#### DATA PROVIDED:

---+---

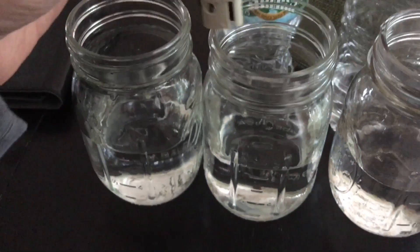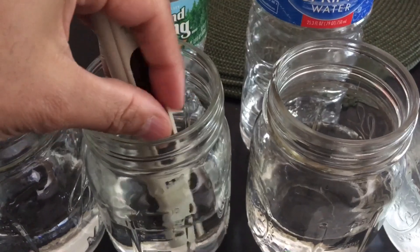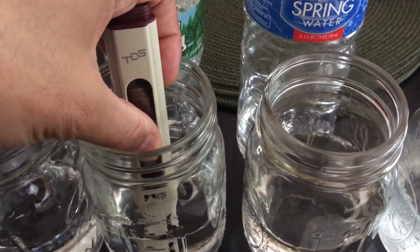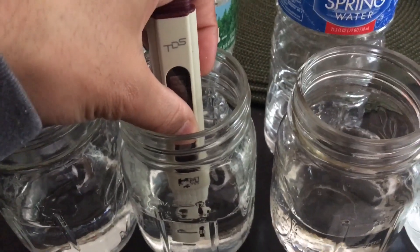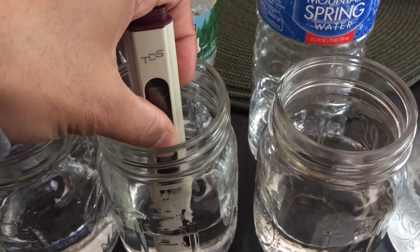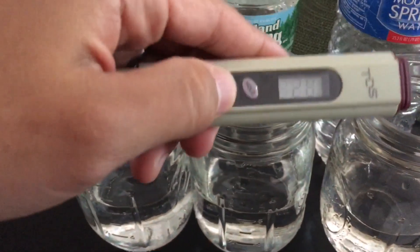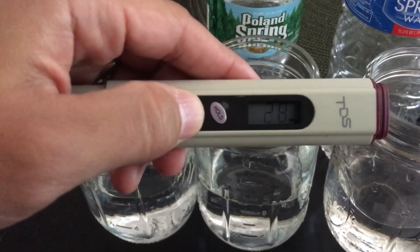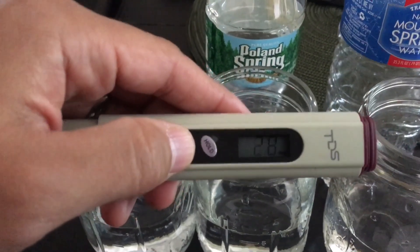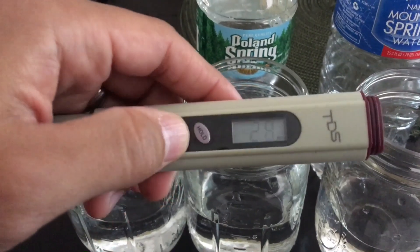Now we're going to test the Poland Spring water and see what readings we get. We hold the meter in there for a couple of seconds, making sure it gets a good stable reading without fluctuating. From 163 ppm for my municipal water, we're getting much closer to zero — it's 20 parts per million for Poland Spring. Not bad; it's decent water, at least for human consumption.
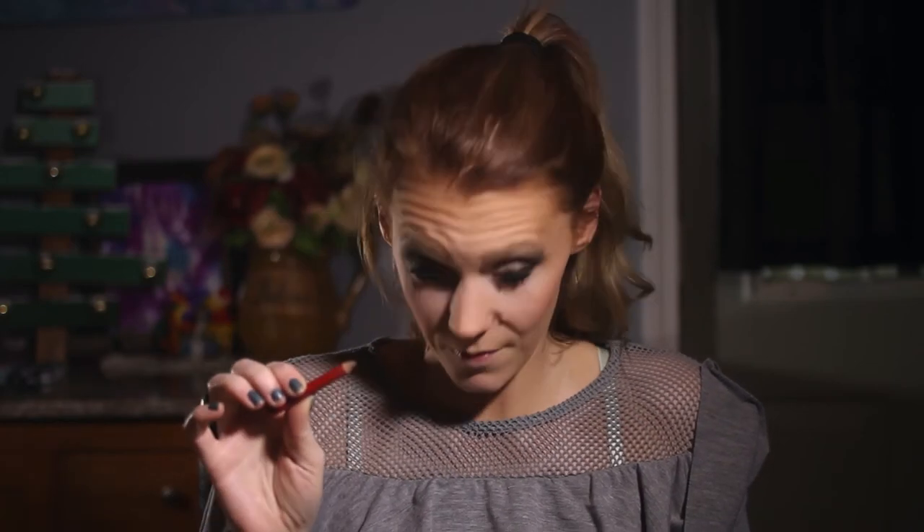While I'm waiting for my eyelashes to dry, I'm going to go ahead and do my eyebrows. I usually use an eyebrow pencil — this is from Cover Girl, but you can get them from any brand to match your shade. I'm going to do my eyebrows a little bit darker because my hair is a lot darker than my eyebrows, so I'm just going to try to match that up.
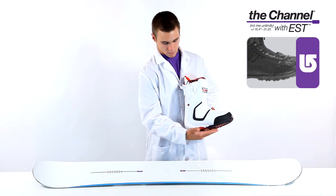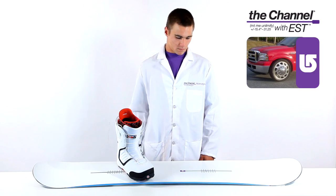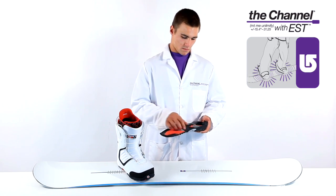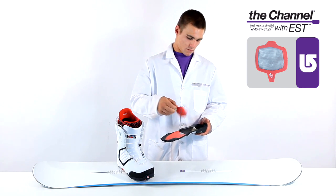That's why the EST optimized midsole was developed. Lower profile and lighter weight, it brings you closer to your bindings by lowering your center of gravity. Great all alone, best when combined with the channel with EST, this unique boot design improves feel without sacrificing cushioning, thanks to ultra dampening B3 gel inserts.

---+---

#### TASK ITEM:
Set down all of the data word for word; no pictures belong in it.

#### REPLY TO THE TASK:
Now we're going to test the Poland Spring water and see what readings we get. We hold the meter in there for a couple of seconds, making sure it gets a good stable reading without fluctuating. From 163 ppm for my municipal water, we're getting much closer to zero — it's 20 parts per million for Poland Spring. Not bad; it's decent water, at least for human consumption.
While I'm waiting for my eyelashes to dry, I'm going to go ahead and do my eyebrows. I usually use an eyebrow pencil — this is from Cover Girl, but you can get them from any brand to match your shade. I'm going to do my eyebrows a little bit darker because my hair is a lot darker than my eyebrows, so I'm just going to try to match that up.
That's why the EST optimized midsole was developed. Lower profile and lighter weight, it brings you closer to your bindings by lowering your center of gravity. Great all alone, best when combined with the channel with EST, this unique boot design improves feel without sacrificing cushioning, thanks to ultra dampening B3 gel inserts.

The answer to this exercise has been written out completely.